The reason the Belfast Agreement worked was because it was under the auspices of, and in the constitutional context of, the European Union, and incorporated the European Convention on Human Rights. This specifically addressed the language question, stressing “the importance of respect, understanding and tolerance in relation to linguistic diversity”. Under the so-called Strand Two section of the agreement, cross-border institutions were set up for “implementation of EU polices and programmes”. Because the constitutional question was raised to a higher level, both communities in Northern Ireland felt secure. The DUP no longer feared incorporation into the republic and the extinction of its culture. Republicans felt they could lay down their arms and allow demographics to bring about the eventual reunification of Ireland.
For many in the nationalist community in Northern Ireland, being part of the EU meant that, to all intents and purposes, Ireland had been reunified. There was no border to worry about. Free movement was guaranteed. Joint membership of the European single market meant that the economies of the North and the South were becoming indistinguishable. The Irish question became an issue of culture and identity rather than nationhood and citizenship. Irish republicanism faded away, and loyalists, with their antique sectarian passions, lost the patience of their own people. The DUP and Sinn Fein entered government together. Brexit has blown this out of the water.
Nationalists now face the possibility of a hard border reappearing, losing their joint citizenship and the EU guarantees of their civil rights. The Protestant DUP has revived fears that Ulster will be incorporated by stealth.
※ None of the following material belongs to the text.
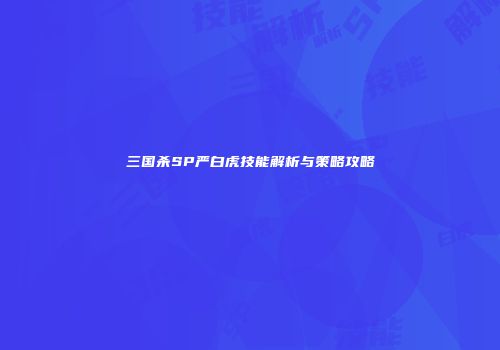 三国杀SP严白虎技能解析与策略攻略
The Republic has secured a guarantee from the EU that there will be no hard border and there seems no obvious way of doing this without keeping the North in the single market. The idea of full regulatory alignment implies that the North will be in a different relationship to the EU than the rest of the UK. This could mean that the North ceases to be “as much a part of the UK as Finchley”, as Margaret Thatcher used to describe the constitutional relationship of Ulster to Britain. Direct rule is an attempt to forestall this.
Of course it is too early to start talking about a collapse of the peace accords. As Gerry Adams said when he stood down as president of Sinn Fein, people have become too used to peace to contemplate any return to violence. But the Brexit process and the threat of a border has created a profound insecurity in the province. The collapse of devolution and power-sharing is a classic case of unintended consequences, and no-one knows where the province goes from here. It is nearly 20 years since the paramilitaries started decommissioning their weapons. Let's hope the guns continue to rust in peace.